TASK STATEMENT.
Please repeat the whole listing exactly, but leave the pictures out.

SUPPLIED MATERIAL.
§ §
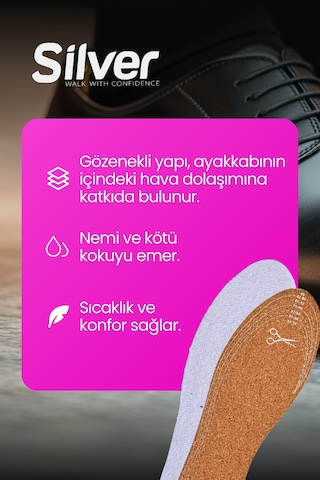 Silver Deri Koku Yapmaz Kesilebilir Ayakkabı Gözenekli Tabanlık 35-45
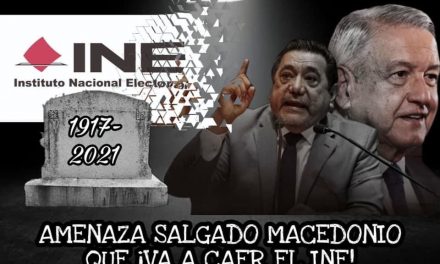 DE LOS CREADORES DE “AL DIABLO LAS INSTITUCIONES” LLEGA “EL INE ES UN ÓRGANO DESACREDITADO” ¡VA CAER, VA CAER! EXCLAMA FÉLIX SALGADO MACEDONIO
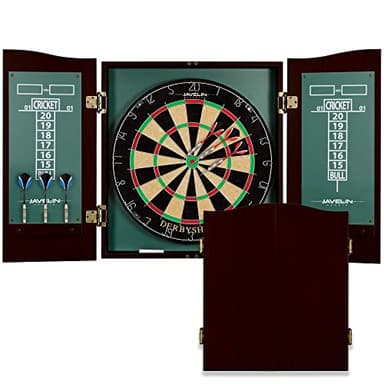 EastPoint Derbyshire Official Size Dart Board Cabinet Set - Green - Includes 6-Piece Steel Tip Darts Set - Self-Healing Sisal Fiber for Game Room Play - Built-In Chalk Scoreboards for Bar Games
§ §
WRITTEN REPLY.
 Silver Deri Koku Yapmaz Kesilebilir Ayakkabı Gözenekli Tabanlık 35-45
 DE LOS CREADORES DE “AL DIABLO LAS INSTITUCIONES” LLEGA “EL INE ES UN ÓRGANO DESACREDITADO” ¡VA CAER, VA CAER! EXCLAMA FÉLIX SALGADO MACEDONIO
 EastPoint Derbyshire Official Size Dart Board Cabinet Set - Green - Includes 6-Piece Steel Tip Darts Set - Self-Healing Sisal Fiber for Game Room Play - Built-In Chalk Scoreboards for Bar Games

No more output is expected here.